Op 7 augustus 2021 won hij zijn eerste prijs met PSV door Ajax te verslaan om de Johan Cruijff Schaal 2021. Daarin maakte Götze de 0–4, wat tevens de eindstand werd. Op 17 april 2022 won hij met de club de KNVB Beker, door wederom Ajax in de finale te verslaan met ditmaal 2–1. Na afloop van het seizoen verliet hij de Eindhovenaren en keerde hij terug naar Duitsland.
Eintracht Frankfurt
Eintracht Frankfurt maakte op 21 juni 2022 bekend Götze over te nemen van PSV.[7] Hij tekende daar een driejarig contract.[8][9][10]
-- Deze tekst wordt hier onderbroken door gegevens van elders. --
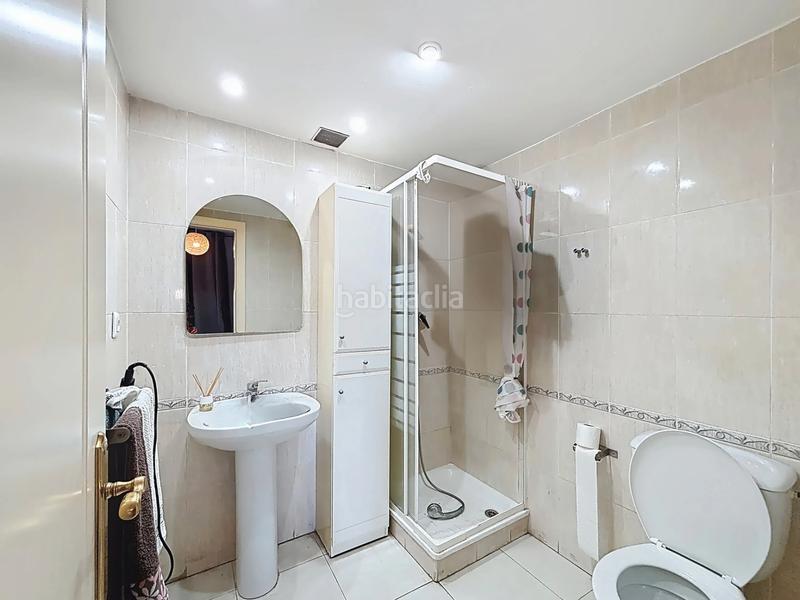 Foto 8ce2448f-201e-4d00-8024-85f025a31546. Piso **ático de ensueño - ¡tu nuevo hogar te espera! ** en Marbella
Na het doorlopen van verschillende nationale jeugdteams werd Götze in 2010 opgeroepen voor het Duits voetbalelftal. Op 17 november2010 debuteerde hij hiervoor, tegen Zweden. Hij viel die dag in de 78e minuut in voor Kevin Großkreutz. Met Duitsland nam hij deel aan het Europees kampioenschap voetbal 2012 en het wereldkampioenschap voetbal 2014. In de finale van dat laatste toernooi tegen Argentinië maakte Götze in de verlenging het winnende doelpunt, op aangeven van André Schürrle. Met het Duits elftal nam hij in 2016 deel aan het Europees kampioenschap voetbal in Frankrijk. Duitsland werd in de halve finale uitgeschakeld door Frankrijk (0–2), na in de eerdere twee knock-outwedstrijden Slowakije (3–0) en Italië (1–1, 6–5 na strafschoppen) te hebben verslagen. Op 14 november 2017 speelde hij zijn laatste interland voor een afwezigheid van 5 jaar.
Na vijf jaar afwezigheid werd hij weer geselecteerd voor het WK 2022. Hij mocht invallen in de eerste wedstrijd tegen Japan, die met 1-2 door Duitsland werd verloren. In het laatste groepsduel met Costa Rica mocht hij ook invallen. Ondanks een 4-2 overwinning werd Duitsland uitgeschakeld in de groepsfase.